What the exercise asks >> An exact copy of all the data, minus the images, is required.

Information provided >>
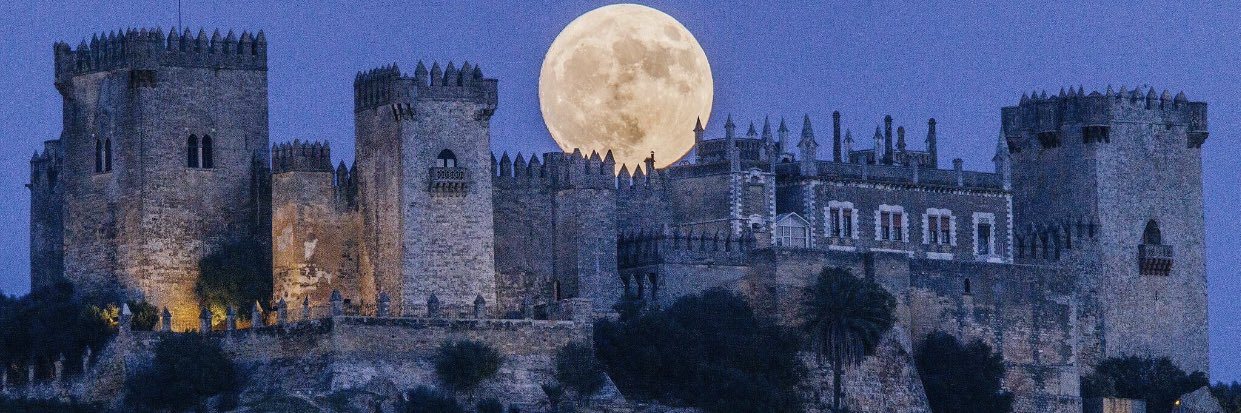 ثَامِرُ الشَّايُوشْ's banner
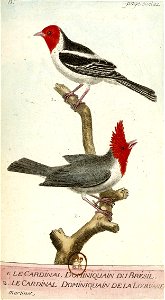 François-Nicolas Martinet - Histoire des oiseaux - III - Cardinal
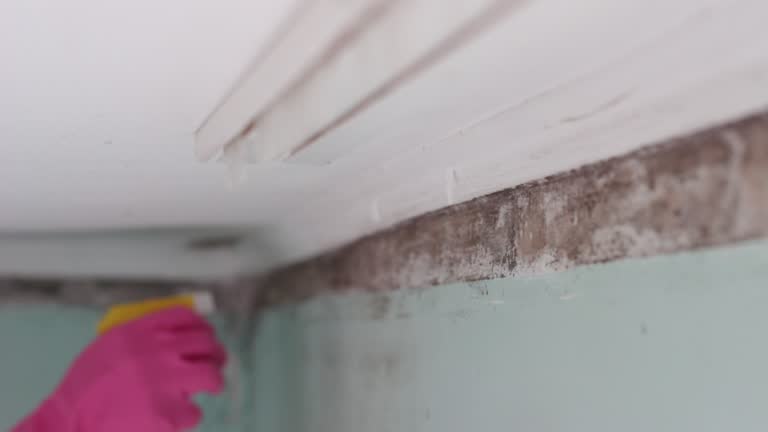 Best Mold Remediation for Healthcare Facilities  in Rio Verde, AZ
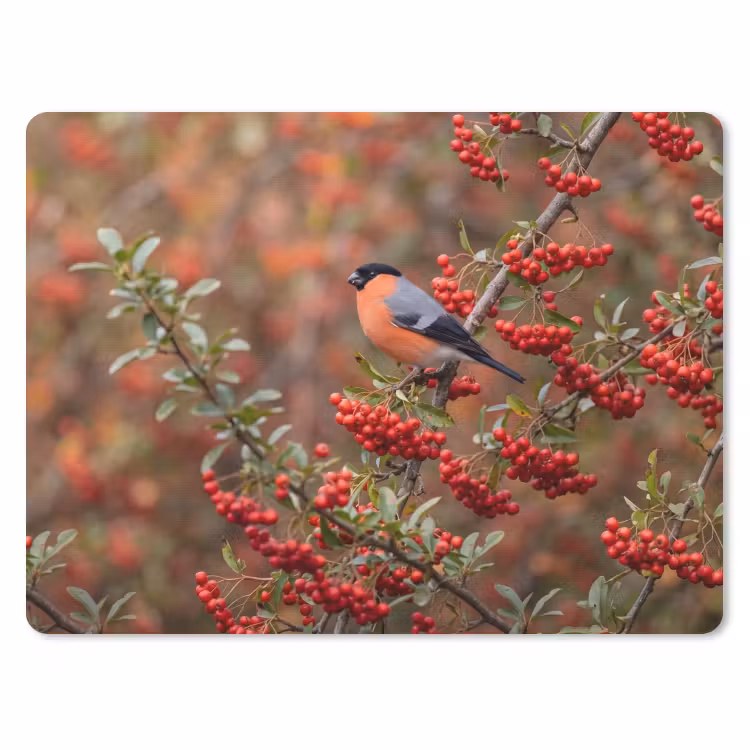 Goudvink - Bessen - Herfst - Natuur - Kleurrijk muismat rubber klein -3d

Reply >>
 ثَامِرُ الشَّايُوشْ's banner
 François-Nicolas Martinet - Histoire des oiseaux - III - Cardinal
 Best Mold Remediation for Healthcare Facilities  in Rio Verde, AZ
 Goudvink - Bessen - Herfst - Natuur - Kleurrijk muismat rubber klein -3d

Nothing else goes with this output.